住まいのプロが教える! 家づくりのマネー講座⑩ 共働き夫婦でローンを組む 「連帯債務」と「ペアローン」
住宅ローン控除や団信にも注目
共働き世帯が珍しくない今、「夫婦で住宅ローンを組み、マイホームの資金に充てよう」と考えている人は少なくないのでは。シリーズ10回目は「連帯債務とペアローン」について「注文住宅の相談窓口 和歌山店」(和歌山市小雑賀)の店長・藤岡達史さんが解説します。
住宅価格の高騰などを背景に、「理想の物件があるものの、夫単独の借入金だけでは、購入価格に届かないケースもあるでしょう」と話す藤岡さん。「夫婦で協力してローンを組めば、借入額を増やせます」と続けます。
夫婦で借りるローンタイプには、「連帯債務」と「ペアローン」があります。「連帯債務は、夫婦の収入を合算して、住宅ローンを契約します。夫または妻が主債務者に、その配偶者が連帯債務者になります。連帯債務者は主債務者と同等の返済義務を負います」と解説。
ペアローンは夫婦それぞれが単独でローン契約し、借入・返済を行う仕組み。「例えば5000万円の物件なら、夫が3000万円分、妻が2000万円分と、1つの物件に対して、2つのローンが組まれます」
どちらも、住宅ローン控除を受けられます。「連帯債務は、所有権の持ち分割合に応じて控除額が決まります。ペアローンなら、各自のローン残高でそれぞれが控除を受けられます」
団体信用生命保険(団信)にも注意を。連帯債務では、主債務者が団信の対象となり、主債務者が死亡した場合、保険金でローンの残債が完済されます。一方、ペアローンでは、夫の団信は夫のローン残高だけ、妻の団信は妻のローン残高だけの保障に。

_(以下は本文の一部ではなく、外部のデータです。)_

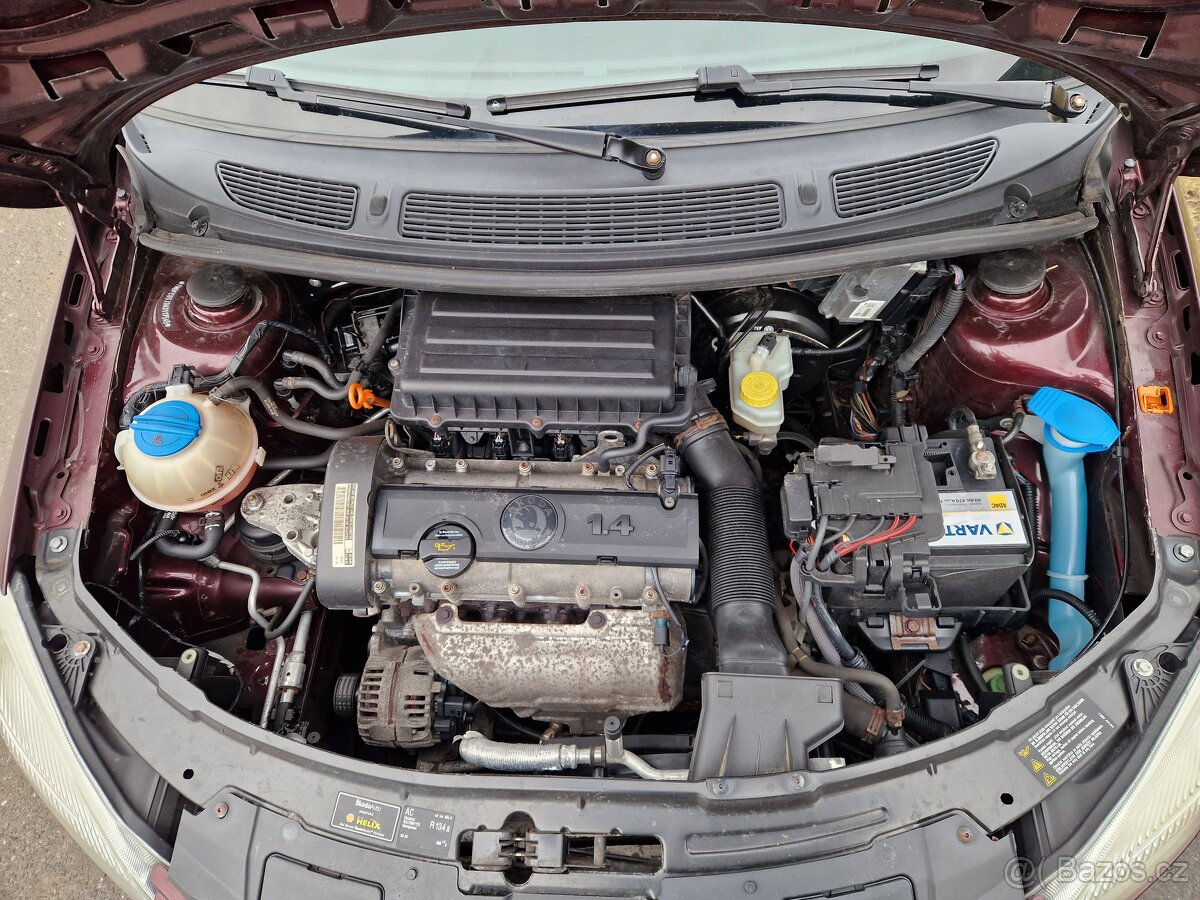 Škoda Fabia 2 combi 1,4 16 V 63 KW - 20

夫が死亡した場合、妻自身のローン返済は続きます。
「そのため、夫婦両者に万一のことがあれば、どちらのローン残高もゼロになる『連生団体信用生命保険』が活用されることもあります」と、藤岡さんはアドバイス。ただし、保障が手厚い分、保険料負担が重くなるので、詳細は取り扱っている金融機関に確認を。